Today, we visited two very different churches with equally magnificent mosaics. In the morning, we visted the small church of Santa Maria dell'Ammiraglio, called Martorana. This small church in the heart of busy Palermo was built three years after the Palatine Chapel in 1143 by the Admiral (Ammiraglio) George of Antioch. The Admiral was the third most powerful man in the Norman Kingdom of Sicily. He hired the same artists from Constantinople to decorate the church with mosaics after they completed the Palatine Chapel. 

In 1193, aristorcrat Eloisa Martorana founded a women's Benedictine convent here, giving the second name to this church. Later, this same community invented marzipan, called Frutti di Martorana in Italian. In the 17th century, artistic tastes changed, and some of the mosaics were removed and replaced with Baroque frescoes and the ornate sculptures around the altar, resulting in a very eclectic decor. This church currently houses an Orthodox parish which celebrates the Divine Liturgy in this most beautiful space every weekend. During weekdays, it functions as a museum with an entrance fee and is full of tourists admiring the beauty of the mosaics.

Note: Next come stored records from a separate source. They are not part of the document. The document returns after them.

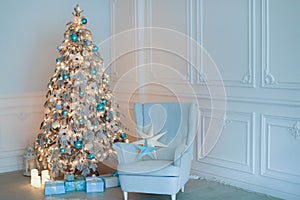 Full-length Christmas decoration of a New Year tree next to a sofa for relaxing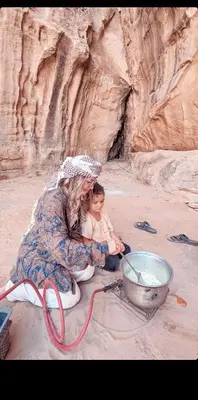 a woman and a baby sitting next to a bowl at Wadi Rum Bedouin Heart in Wadi Rum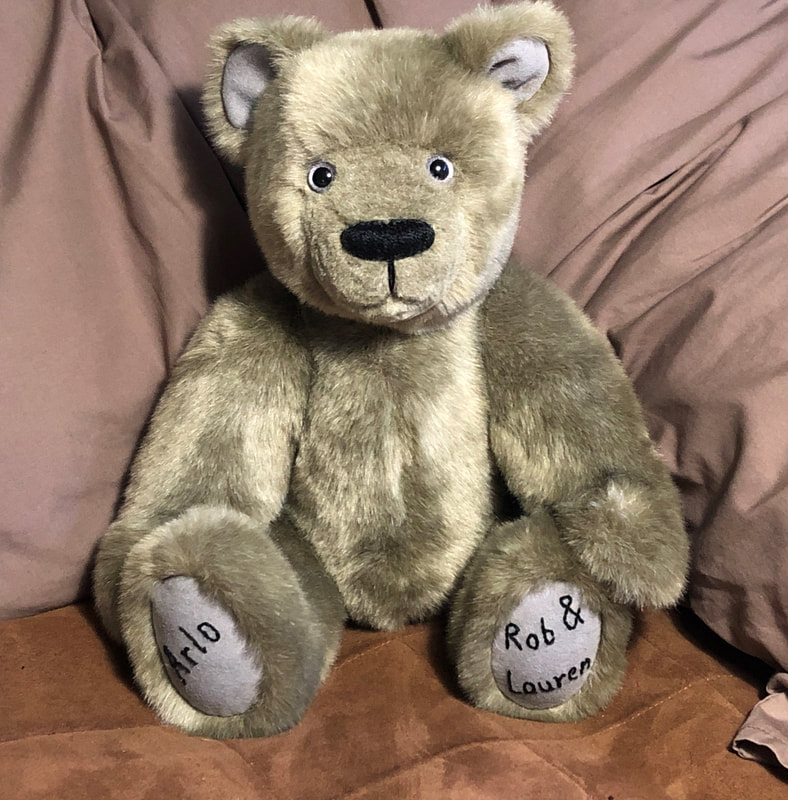 Silver grey plush bear with 'Arlo' embroidered on one foot and 'Rob & Lauren' on the other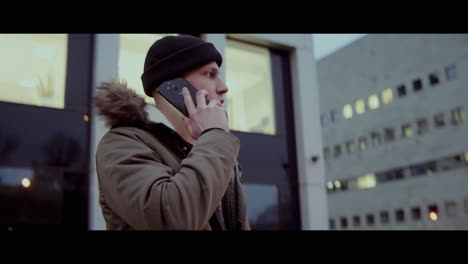 man talking on the phone in the city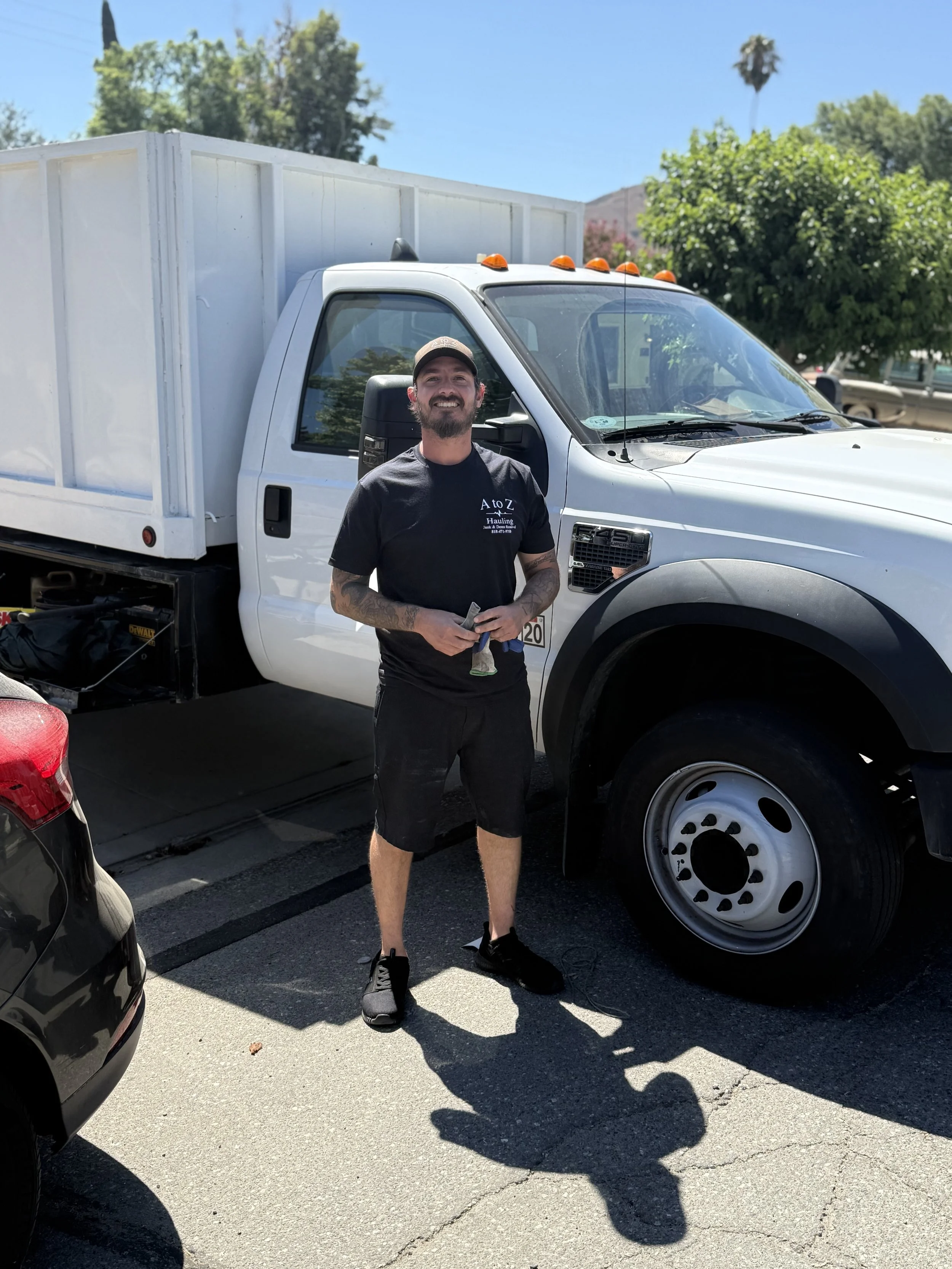 A to Z Hauling junk removal owner standing by the truck after a successful property cleanout in Chatsworth ca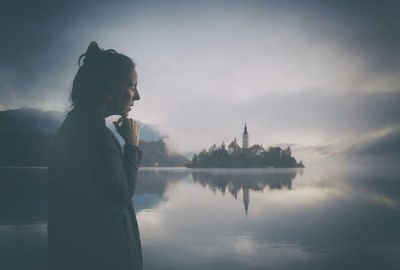 Woman in gray coat watching a sunrise among the fog on the shores of lake bled, slovenia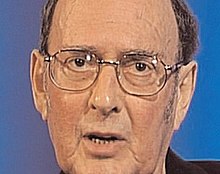 head shot of bespectacled ageing man talking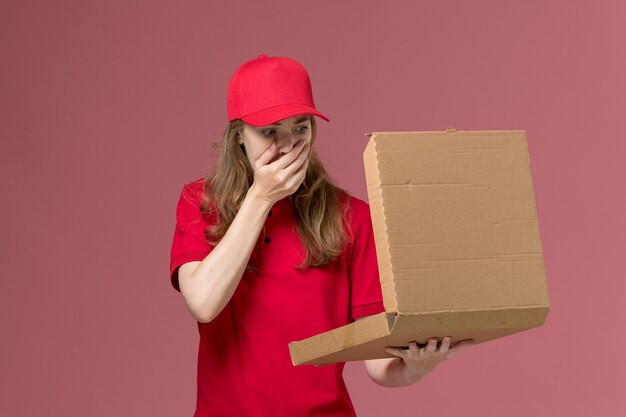 female courier in red uniform holding opening food box on light pink, job uniform service worker delivery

The mosaics are of the finest quality. The traditional Byzantine cross-in-square Church features a magnificent Christ Pantocrator in the dome surrounded by angels. Below Him are prophets and the four Evangelists in the pendentives (the triangular segments connecting the circular dome to the square nave). The north and south vaults feature Apostles. The east vault shows angels facing the altar. The vault west of the dome contains the Nativity of Christ and the Dormition of the Theotokos (the patron of the church). The apses of the side aisles show the parents of Saint Mary the Theotokos (and the grandparents of the Lord) Saints Joachim and Anna. The rest of the vaults have post-renaissance frescoes. The narthex features lovely portraits of both the ktetor Admiral George of Antioch presenting the church to the Theotokos and King Roger being crowned by Christ.